We spend a considerable amount of time thinking about this problem in our development of an internal distributed system called Aria. Aria is a low-latency shared message bus with strong ordering and reliability guarantees – you might recognize it from an episode of Signals and Threads where I talked about how it acts as a platform for other teams to build their own resilient systems with strict uptime requirements.

More and more teams have been adopting Aria at Jane Street, which is great! But it also means that each week that goes by without an incident becomes less of a tiny victory and more of an obligation to keep the system running smoothly. Not to mention, the system has to continue to grow in scale and complexity to meet the needs of the teams that use it. How do we mitigate the risks that naturally come with change so that we can keep evolving the system? Testing goes a long way here, but it’s all too easy for your tests to miss the critical scenario that will expose your mistake.

Earlier this year we started using Antithesis, an end-to-end automated testing platform, to fill those gaps. We’ve become huge fans of the service (and are now leading their next funding round! More on that later), and part of the point of this post is to explain why.
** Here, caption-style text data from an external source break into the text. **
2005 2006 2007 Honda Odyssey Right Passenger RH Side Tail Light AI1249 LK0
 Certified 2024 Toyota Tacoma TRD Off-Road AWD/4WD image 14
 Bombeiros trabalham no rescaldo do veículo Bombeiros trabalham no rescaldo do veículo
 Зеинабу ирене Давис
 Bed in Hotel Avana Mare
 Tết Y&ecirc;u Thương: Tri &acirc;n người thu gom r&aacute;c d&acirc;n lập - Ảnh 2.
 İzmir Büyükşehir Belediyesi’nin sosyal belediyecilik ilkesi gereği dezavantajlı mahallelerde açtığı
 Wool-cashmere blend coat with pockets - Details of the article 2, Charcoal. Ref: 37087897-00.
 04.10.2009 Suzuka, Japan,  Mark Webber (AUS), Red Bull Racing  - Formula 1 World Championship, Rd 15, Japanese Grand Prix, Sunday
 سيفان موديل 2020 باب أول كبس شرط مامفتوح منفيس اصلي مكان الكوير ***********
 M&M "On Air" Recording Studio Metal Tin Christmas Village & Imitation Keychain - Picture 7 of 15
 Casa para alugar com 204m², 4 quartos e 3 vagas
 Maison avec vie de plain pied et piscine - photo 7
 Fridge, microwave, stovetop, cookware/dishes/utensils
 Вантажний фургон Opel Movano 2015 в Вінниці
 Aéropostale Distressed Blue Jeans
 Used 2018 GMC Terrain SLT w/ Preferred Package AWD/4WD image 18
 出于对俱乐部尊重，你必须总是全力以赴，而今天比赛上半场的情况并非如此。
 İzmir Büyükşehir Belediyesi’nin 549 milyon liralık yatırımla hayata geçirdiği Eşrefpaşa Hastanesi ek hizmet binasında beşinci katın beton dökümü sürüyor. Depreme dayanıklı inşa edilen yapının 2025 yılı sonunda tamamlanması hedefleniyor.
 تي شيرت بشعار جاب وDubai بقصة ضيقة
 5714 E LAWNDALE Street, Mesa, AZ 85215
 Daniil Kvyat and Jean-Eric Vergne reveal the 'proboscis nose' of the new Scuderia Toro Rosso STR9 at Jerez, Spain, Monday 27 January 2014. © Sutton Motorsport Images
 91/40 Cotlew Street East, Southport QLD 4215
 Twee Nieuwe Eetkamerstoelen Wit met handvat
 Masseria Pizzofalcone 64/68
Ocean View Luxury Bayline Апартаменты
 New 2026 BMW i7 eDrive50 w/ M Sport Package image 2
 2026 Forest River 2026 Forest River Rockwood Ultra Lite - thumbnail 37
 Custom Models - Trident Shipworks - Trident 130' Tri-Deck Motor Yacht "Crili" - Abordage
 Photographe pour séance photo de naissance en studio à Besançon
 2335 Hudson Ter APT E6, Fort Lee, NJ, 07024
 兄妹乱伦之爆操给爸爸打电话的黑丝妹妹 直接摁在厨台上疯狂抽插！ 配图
But before we get to that, let’s lay some groundwork for how Aria approaches testing.

Testing everything you can think of

While none of this is exactly novel, we’ve built up a rather extensive toolbox of different testing techniques:

Unit tests of modules and data structures without side-effects, including many simple state machines.
Integration tests with a simulated networking layer which allows for testing very fine-grained interactions between services, including delaying and dropping packets and manipulating time.
Quickcheck tests that can produce random orderings of events which we can feed into a simulation.
Version skew tests to ensure that new client library changes work with existing servers and older client libraries will be compatible with newer servers.
Fuzz tests using AFL which will turn the fuzzer’s byte input stream into a sequence of state updates in an attempt to catch unsafe behavior in performance-optimized state machines.
Lab tests to check for performance regressions which run nightly in a dedicated lab environment that is set up similar to production.
Chaos testing where our staging environment runs a newer version of the code while we apply simulated production-like load and restart services randomly.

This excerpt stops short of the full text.